By Larry Wiwi, FC resident
One the most interesting personal learnings for me as a political junkie over the last decade or so is the discovery that so many voters seem to need to personally like the person they vote for, and since he announced his candidacy in 2015, Donald Trump has made this obvious to all. Trump was not in my personal top three when the 2016 primaries began, and his personality and tactics often rubbed me wrong. In fact I was still lukewarm on him in the 2016 election, but by then the choice was obvious and I was happy to give him my vote.
If you ignore the invented, impeachment related reporting and focus on everything else levied as criticism of Trump, you find much of it, perhaps even most of it is criticizing his style, his personality. You see this especially among the never-Trumper Republicans – the hapless Mitt Romney who has become a Democrat and doesn’t know it yet and the same can be said for John Kasich who has allowed his personal hatred for Donald Trump to cloud what was once a sound conservative mind.
The never-Trumper who personally breaks my heart the most is George Will who was once a conservative stalwart who taught me much of conservative thought over decades of reading his columns, each bursting with principle-based analysis.

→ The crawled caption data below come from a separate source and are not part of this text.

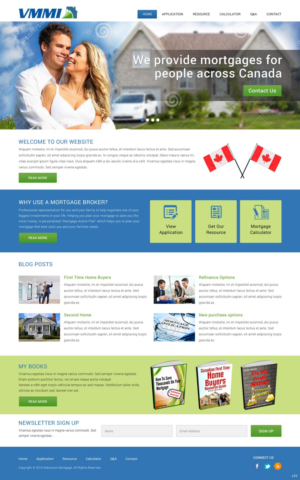 Web Design by pb for this project | Design: #6828609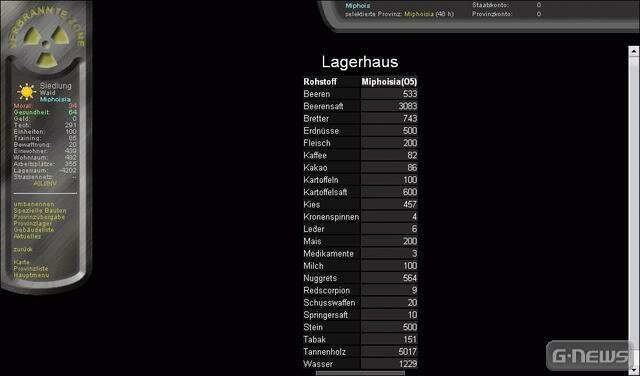 Screenshot Verbrannte Zone 2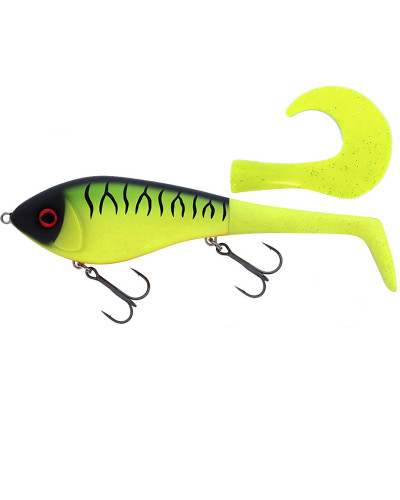 Воблер Westin Swim Tail 12cm 68g Sinking #Firetiger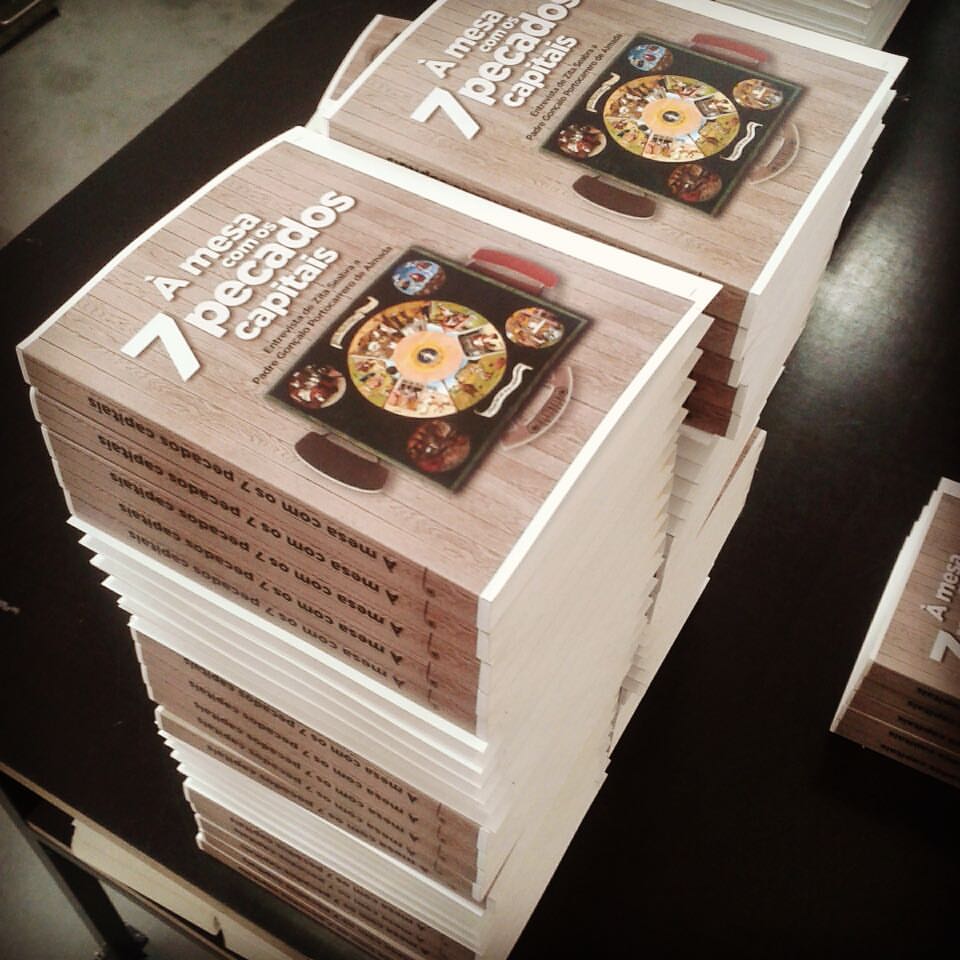Leopoldina notícia - Alêtheia Editores apresenta “À mesa com os 7 pecados capitais”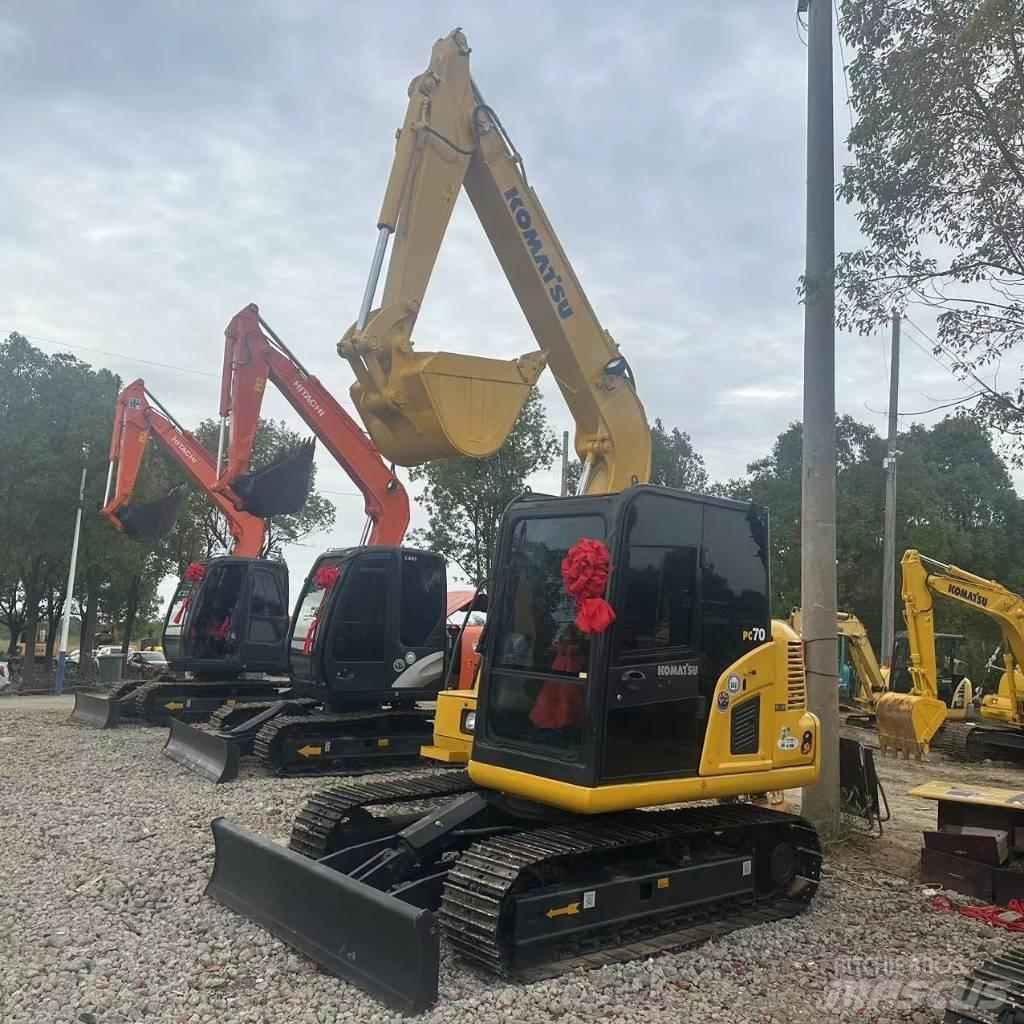 Komatsu PC 70 Mini Excavators <7t (Mini Diggers)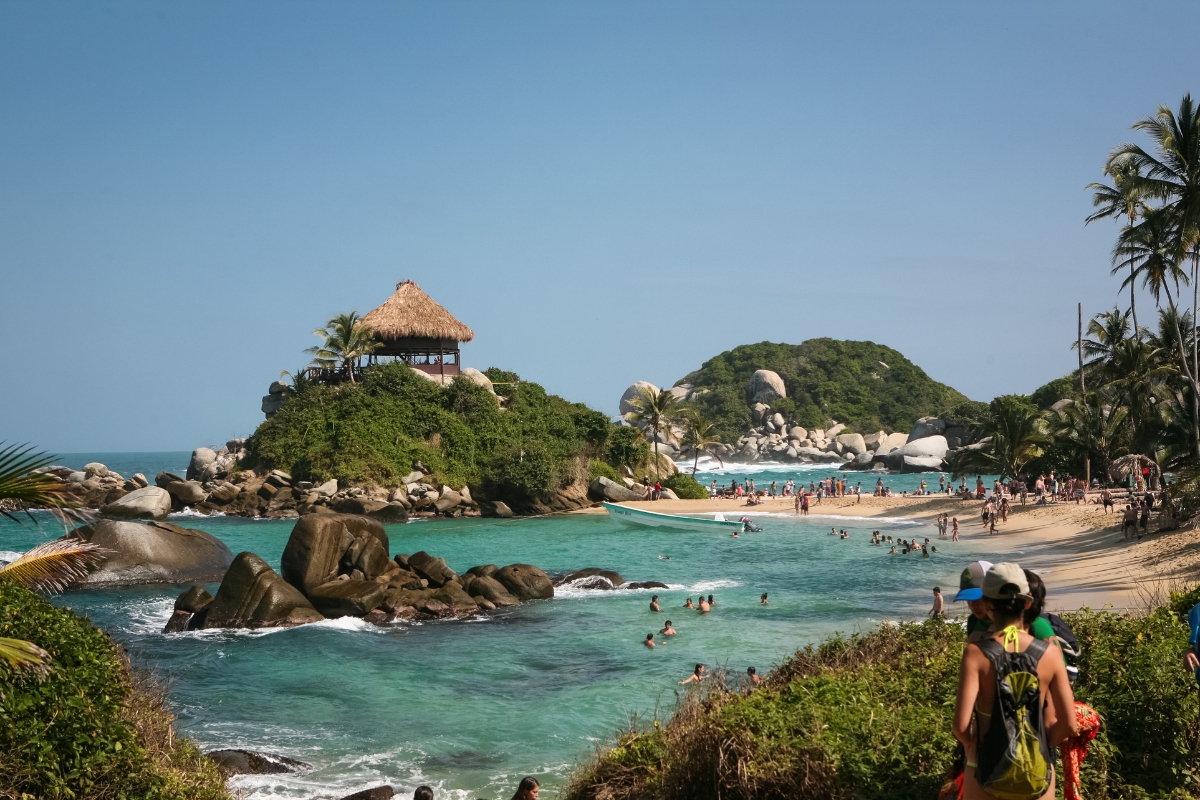 [FALTA IMAGEN] Parque Tayrona Cabo San Juan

Unfortunately, like Kasich, George allowed his personal dislike of Trump’s demeanor to poison his mind – hate will do that to you.
The editors at National Review, themselves a version of never-Trumpers have developed a fine art of grudgingly giving Trump credit for achieving things they have wanted for decades, but always being sure to take a swipe at him personally.
The nation and by extension the world would be far better off if voters based their decision on the principles, policies and results track record of candidates and forget the rest as long as the rest still falls within the wide guardrails of acceptable behavior. For those of you old enough to remember Nixon, you will recall that he was a man easy to dislike, but despite his missteps relative to Watergate, he was the world class gold standard in foreign policy exactly when we needed him at the height of the Cold War.
Similarly, Trump has proven to be exactly the disruptive leadership style needed to break up the old Washington business-as-usual swamp that had been doing so much damage to Americans for so long.
Forget the personality, vote the principles, policy and results.